Exercise aim: Find the line with "Bebe XS tinker" in the records below, then please transcribe it and every later line exactly, omitting the pictures and adding nothing.
::: Dataset entries :::
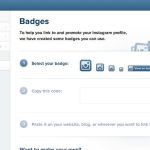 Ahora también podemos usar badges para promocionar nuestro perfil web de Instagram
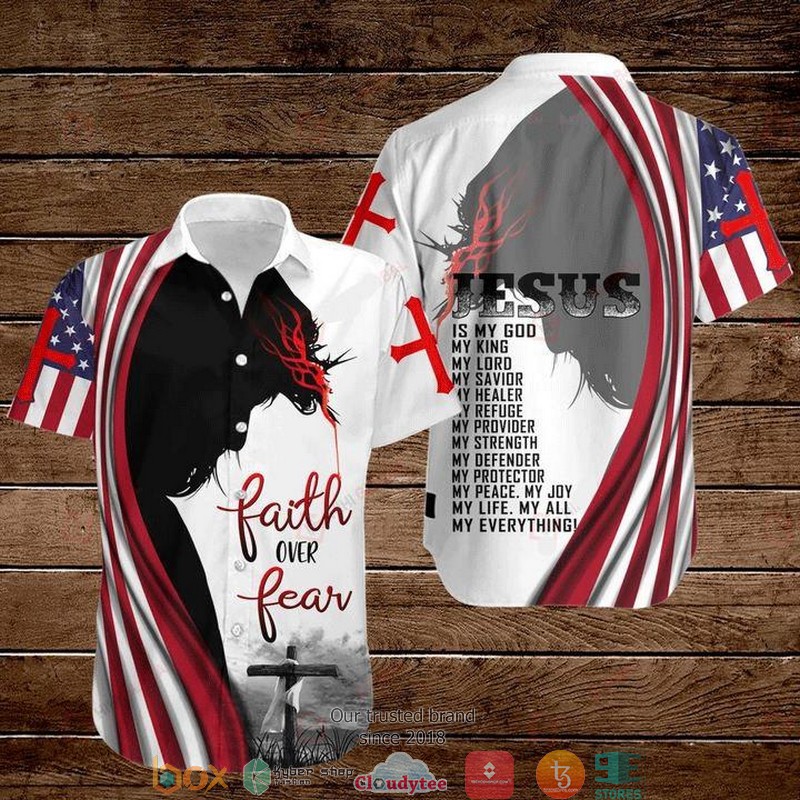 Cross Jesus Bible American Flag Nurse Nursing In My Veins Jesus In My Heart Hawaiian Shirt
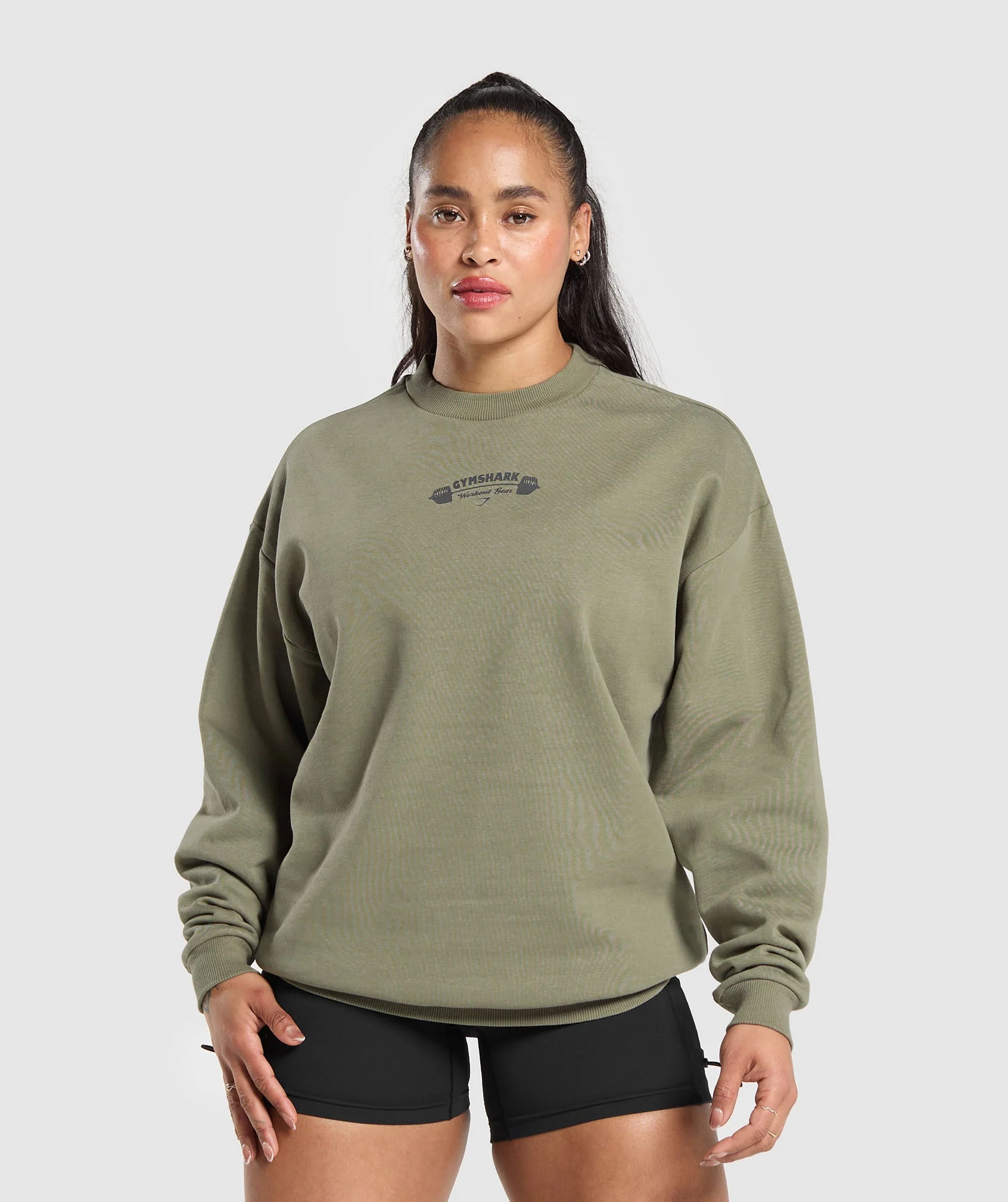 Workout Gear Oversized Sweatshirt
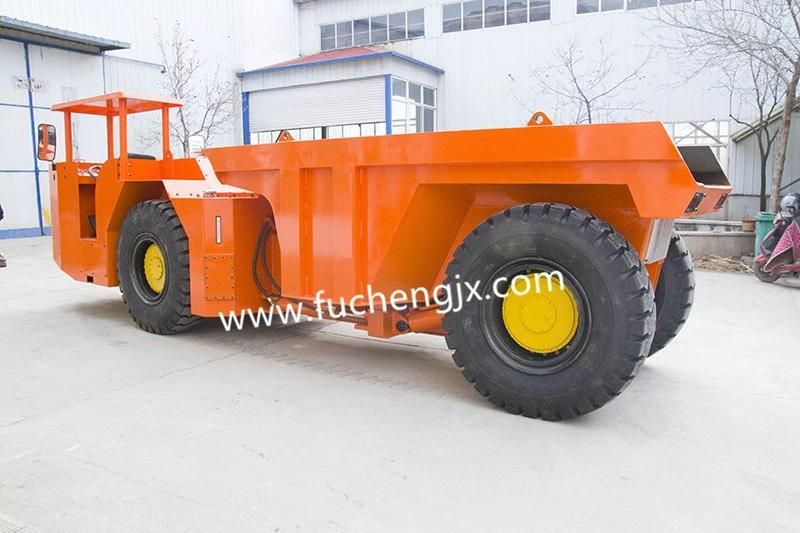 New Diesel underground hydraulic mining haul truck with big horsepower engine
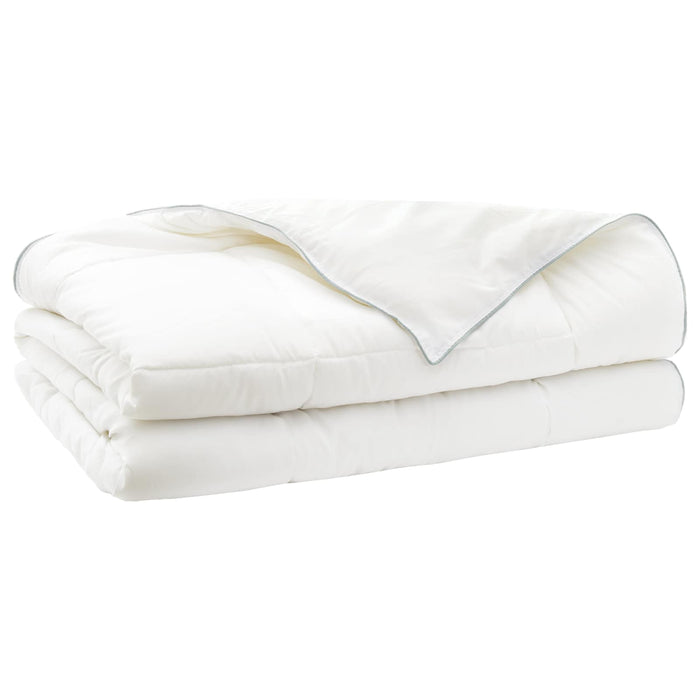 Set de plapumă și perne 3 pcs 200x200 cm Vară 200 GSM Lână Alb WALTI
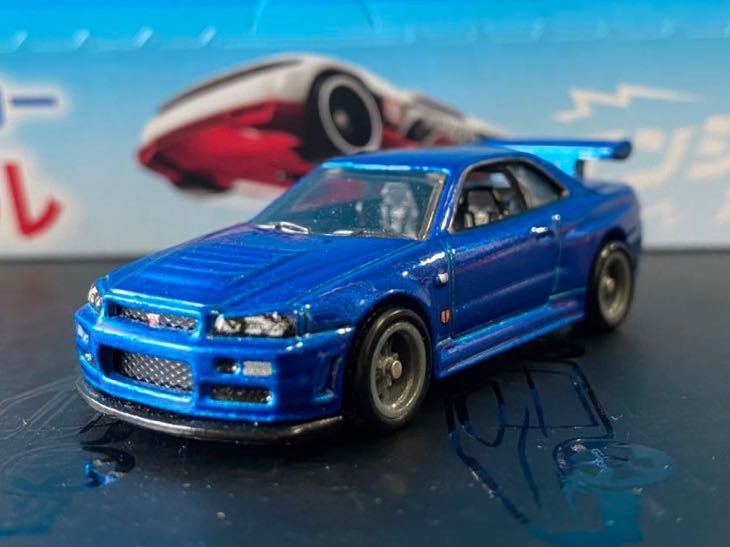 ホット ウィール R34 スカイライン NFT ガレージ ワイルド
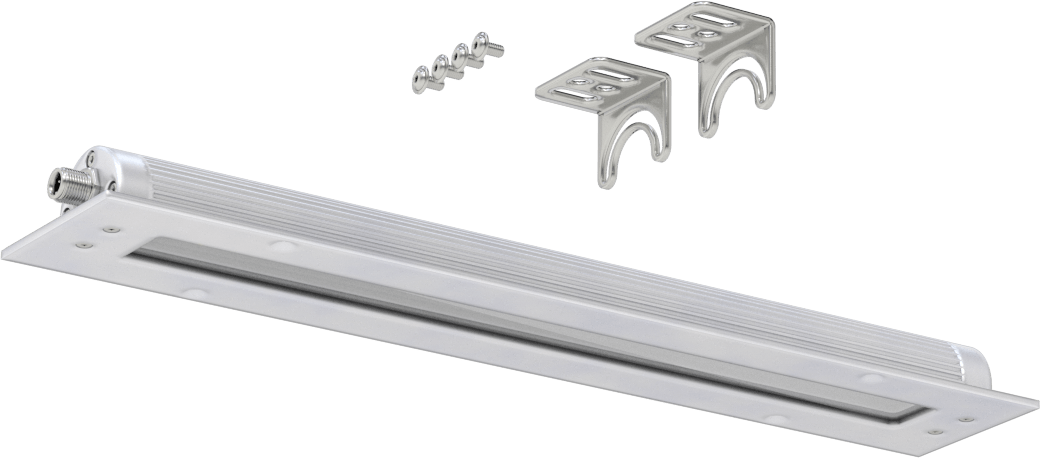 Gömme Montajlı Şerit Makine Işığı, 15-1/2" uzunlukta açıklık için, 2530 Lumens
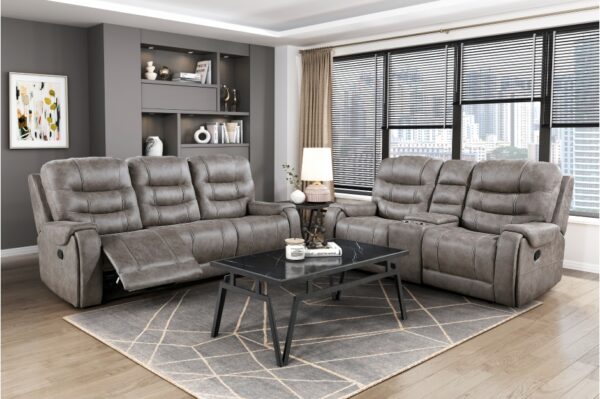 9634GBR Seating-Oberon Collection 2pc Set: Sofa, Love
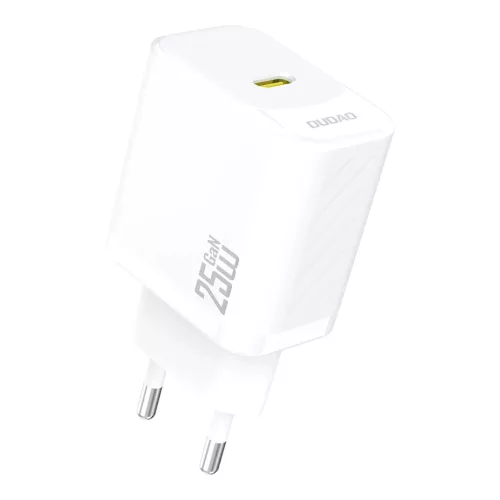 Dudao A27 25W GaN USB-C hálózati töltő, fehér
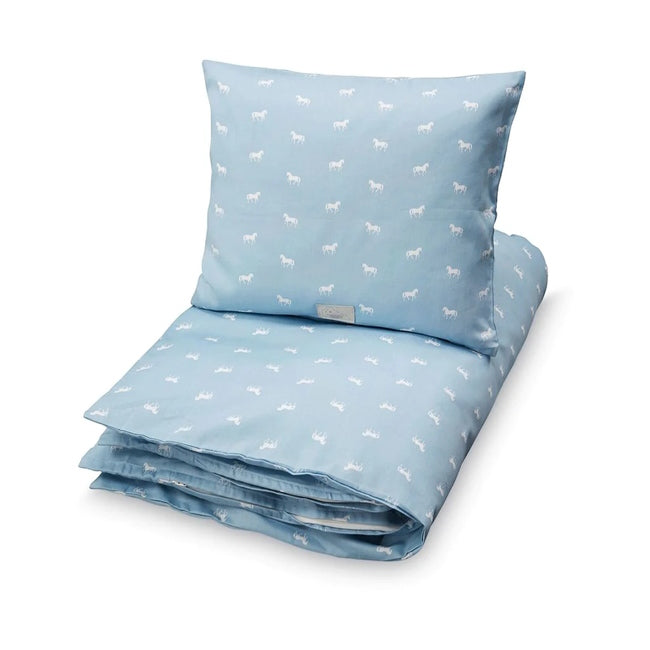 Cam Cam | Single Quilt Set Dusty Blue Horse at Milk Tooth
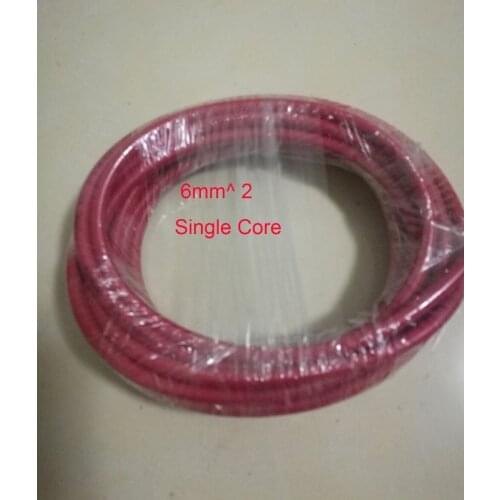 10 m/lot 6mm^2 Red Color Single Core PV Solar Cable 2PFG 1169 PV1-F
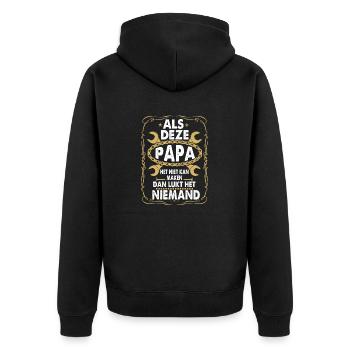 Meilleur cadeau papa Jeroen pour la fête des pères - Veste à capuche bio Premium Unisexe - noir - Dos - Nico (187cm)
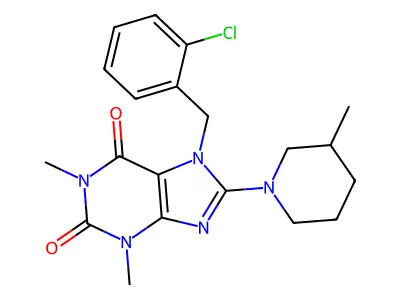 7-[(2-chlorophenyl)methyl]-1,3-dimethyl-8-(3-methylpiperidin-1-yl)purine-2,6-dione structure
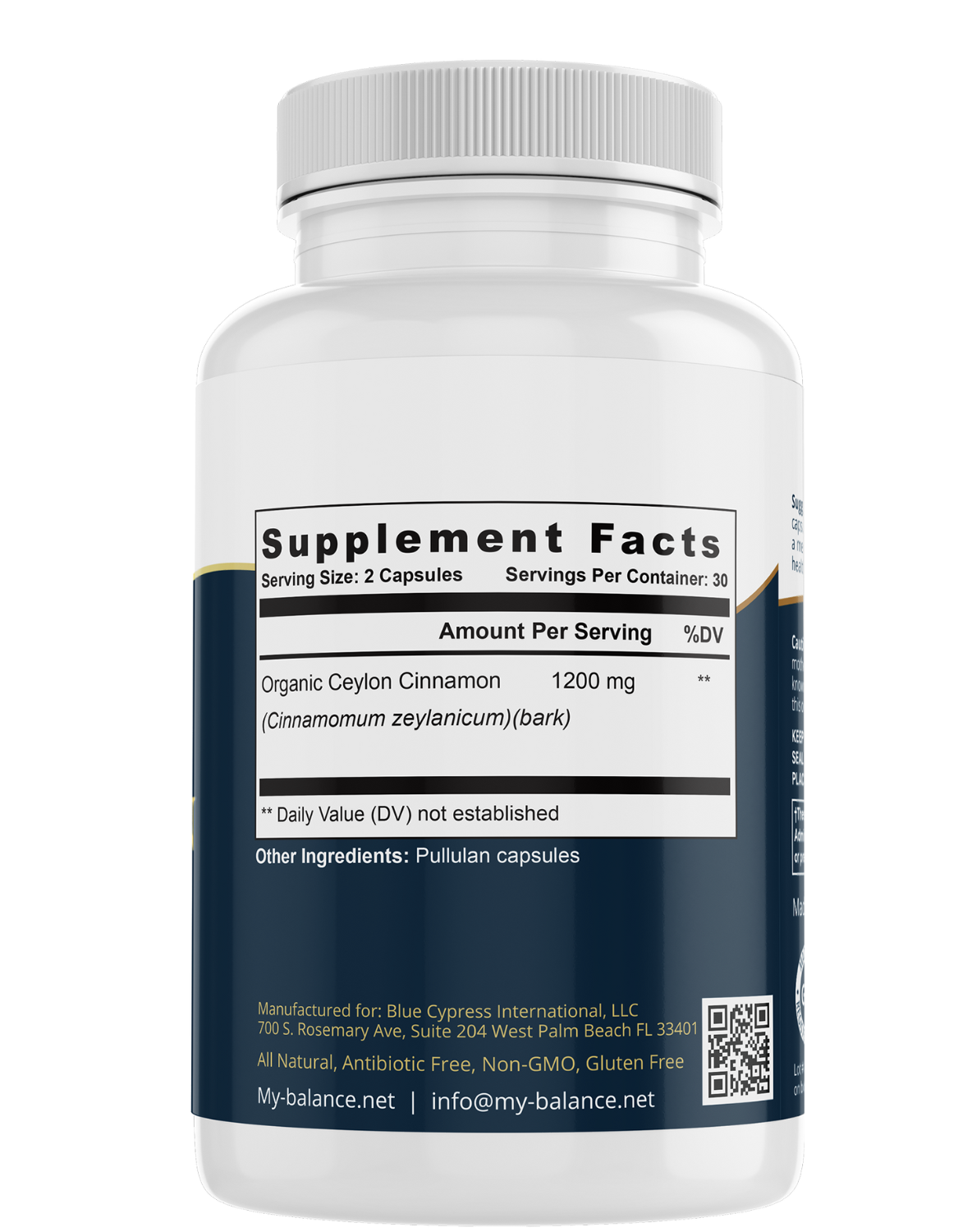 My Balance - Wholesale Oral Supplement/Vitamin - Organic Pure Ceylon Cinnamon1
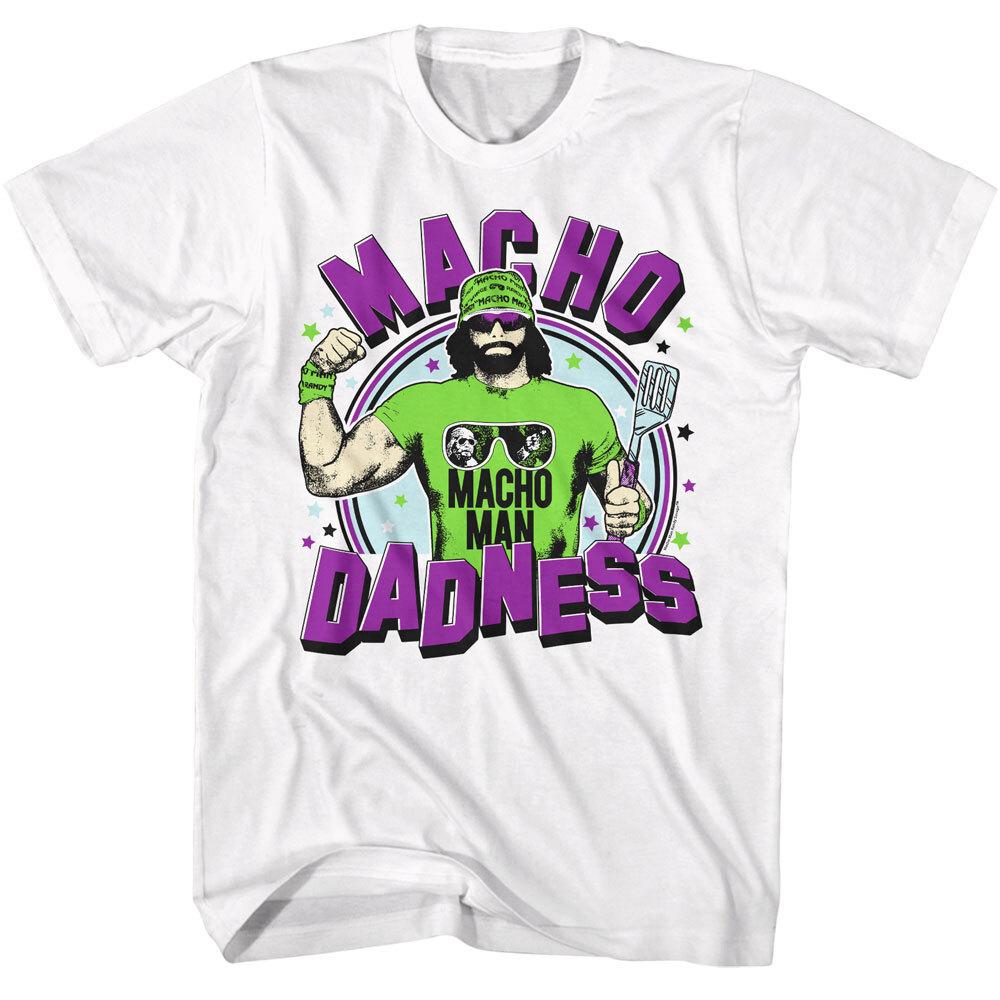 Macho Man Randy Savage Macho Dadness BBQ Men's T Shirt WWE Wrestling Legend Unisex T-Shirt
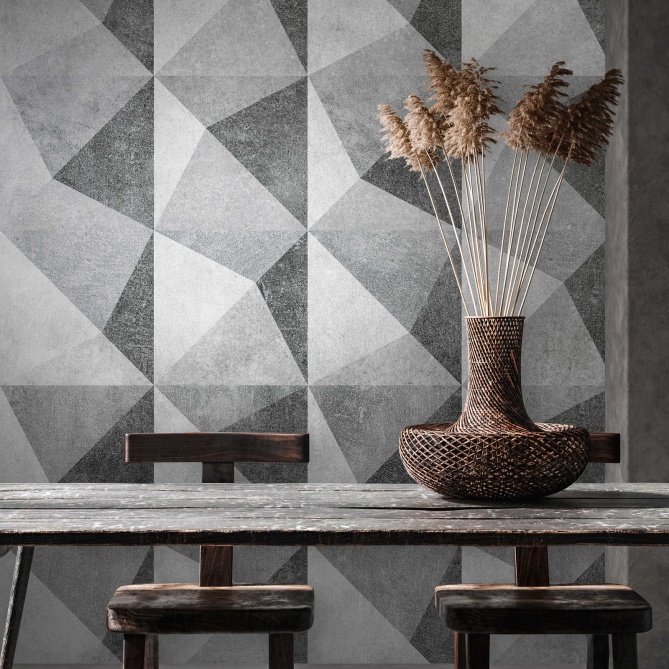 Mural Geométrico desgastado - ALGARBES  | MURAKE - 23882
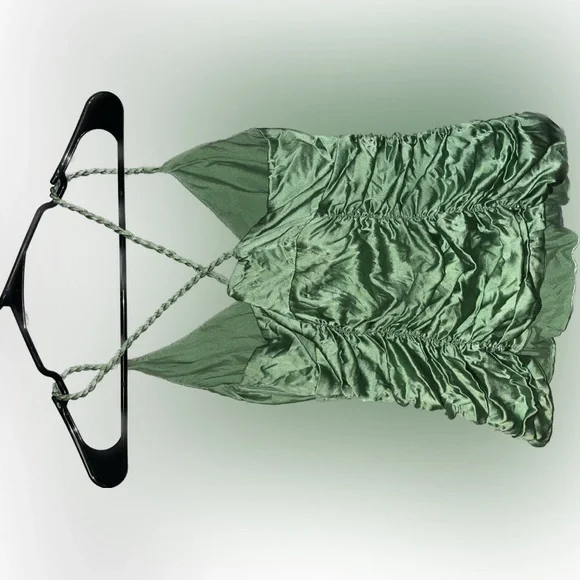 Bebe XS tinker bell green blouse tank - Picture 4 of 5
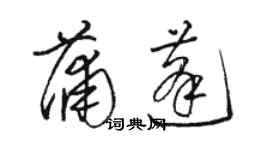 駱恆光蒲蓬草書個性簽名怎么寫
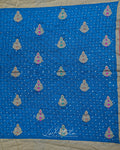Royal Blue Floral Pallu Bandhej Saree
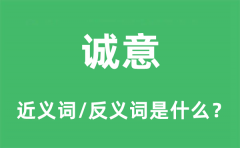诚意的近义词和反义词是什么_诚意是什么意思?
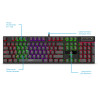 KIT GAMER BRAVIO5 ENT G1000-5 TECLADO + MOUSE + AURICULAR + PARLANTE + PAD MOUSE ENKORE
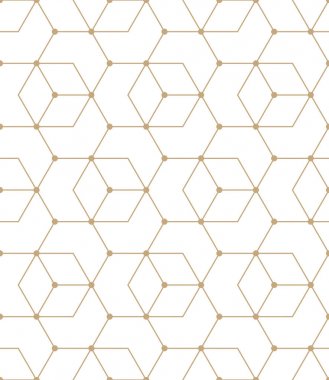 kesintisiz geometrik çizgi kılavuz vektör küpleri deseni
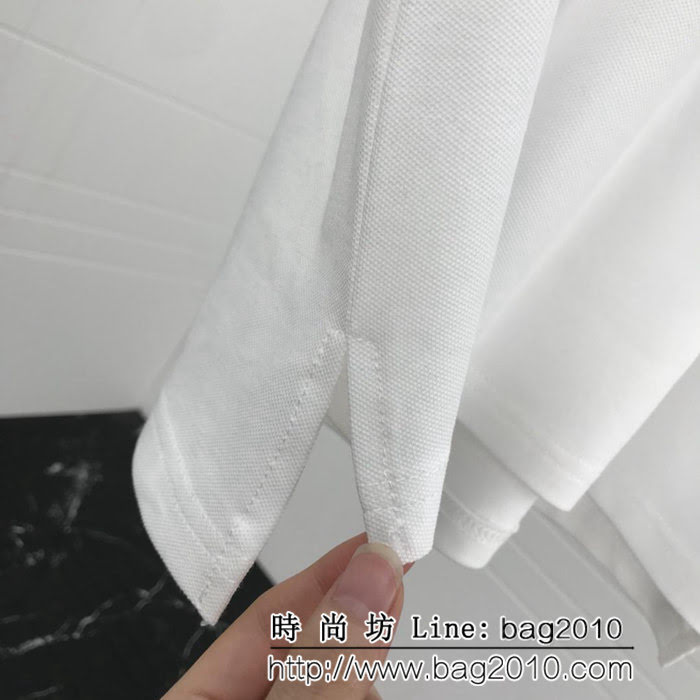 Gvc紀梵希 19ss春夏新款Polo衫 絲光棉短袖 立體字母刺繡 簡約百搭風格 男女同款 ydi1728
:::
Exercise answer:
 Bebe XS tinker bell green blouse tank - Picture 4 of 5
 駱恆光蒲蓬草書個性簽名怎么寫
Royal Blue Floral Pallu Bandhej Saree
诚意的近义词和反义词是什么_诚意是什么意思?
 KIT GAMER BRAVIO5 ENT G1000-5 TECLADO + MOUSE + AURICULAR + PARLANTE + PAD MOUSE ENKORE
 kesintisiz geometrik çizgi kılavuz vektör küpleri deseni
 Gvc紀梵希 19ss春夏新款Polo衫 絲光棉短袖 立體字母刺繡 簡約百搭風格 男女同款 ydi1728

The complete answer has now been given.